Thoughts and approaches when monitoring cronjobs
In my experience there's often a better way to do things than with cronjobs, however for some use-cases it's the right tool for the job.
- If it's possible to modify the job itself to push a metric to a metrics system, this often reduces systems setup, coupling, and moving parts.
- The metrics system can then alert on a lack of recent data points.
- I've successfully used this method to monitor database backups both using Prometheus's push-gateway, as well as InfluxDB with Grafana.
- This also enables sending along other data points, such as duration information for the job so it can be graphed.
- Care must be taken not to allow failed metrics code to cause the job to fail.
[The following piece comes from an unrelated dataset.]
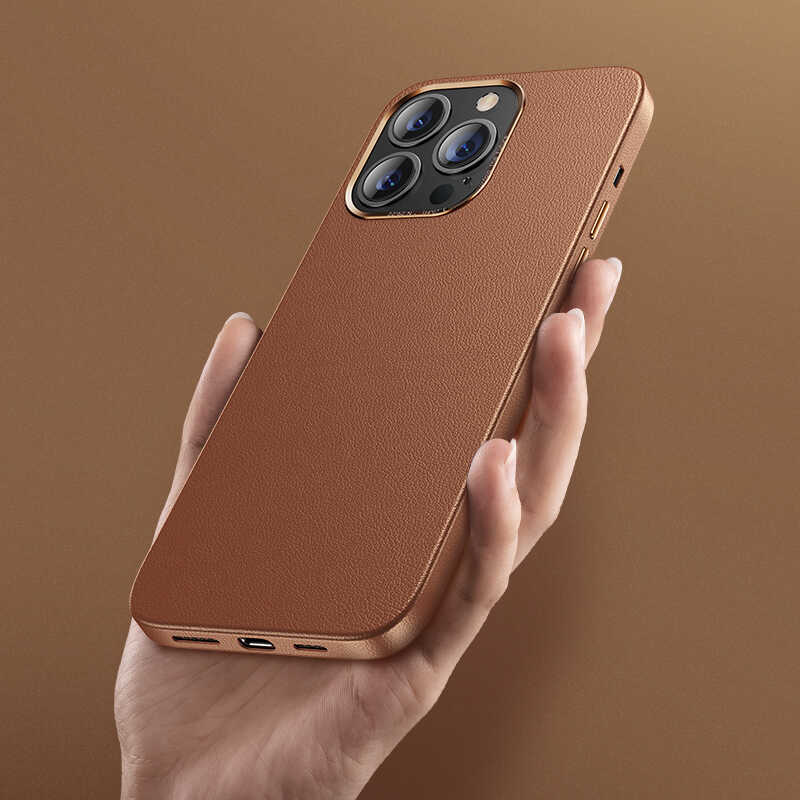 Apple iPhone 13 Case Benks Magnetic Genuine Leather Case Brown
- Where it's not reasonable to modify the job, here's a couple of approaches that can be considered:
- Replacing the cron entry with a wrapper script that records duration and sends the metric.
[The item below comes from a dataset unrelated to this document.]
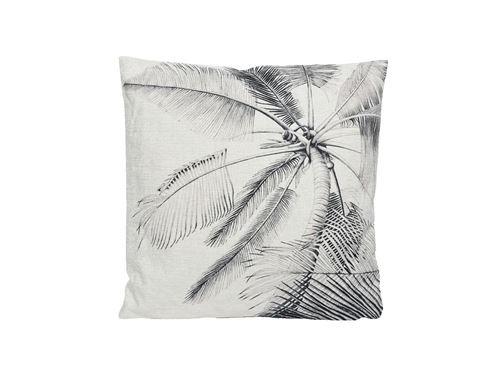 Coussin extérieur motif palmiers blanc gris - 45 x 45 cm - Jardideco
- Signal handling should be implemented and passed through to the child process (the job).
- Creating a custom metrics exporter that checks on the results of the actions taken by the job.
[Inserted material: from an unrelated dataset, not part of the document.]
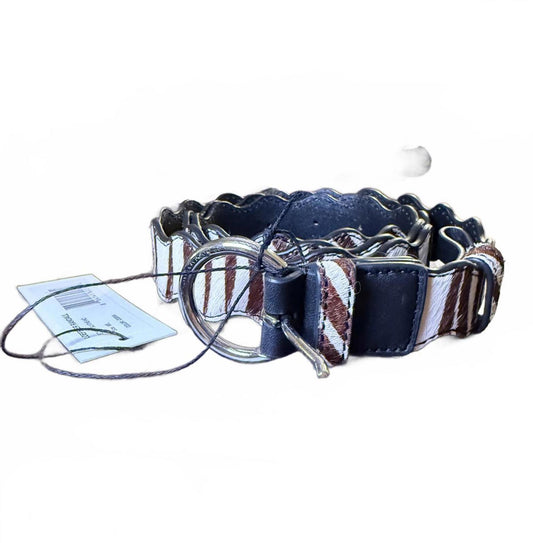 Loeffler Randall Women's Leather and Calf Hair Zebra Print Belt, size M/L (NWT)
- E.G. checking S3 for recent files in the backups directory.
- Different metrics systems would require different paradigms.
- With Prometheus, it could be a daemon exposing a
/metrics
endpoint which when hit reaches out to S3 and formats the returned data for consumption by Prometheus. Prometheus could then alert on both missing backups as well as an unreachable metrics exporter.
- Replacing the cron entry with a wrapper script that records duration and sends the metric.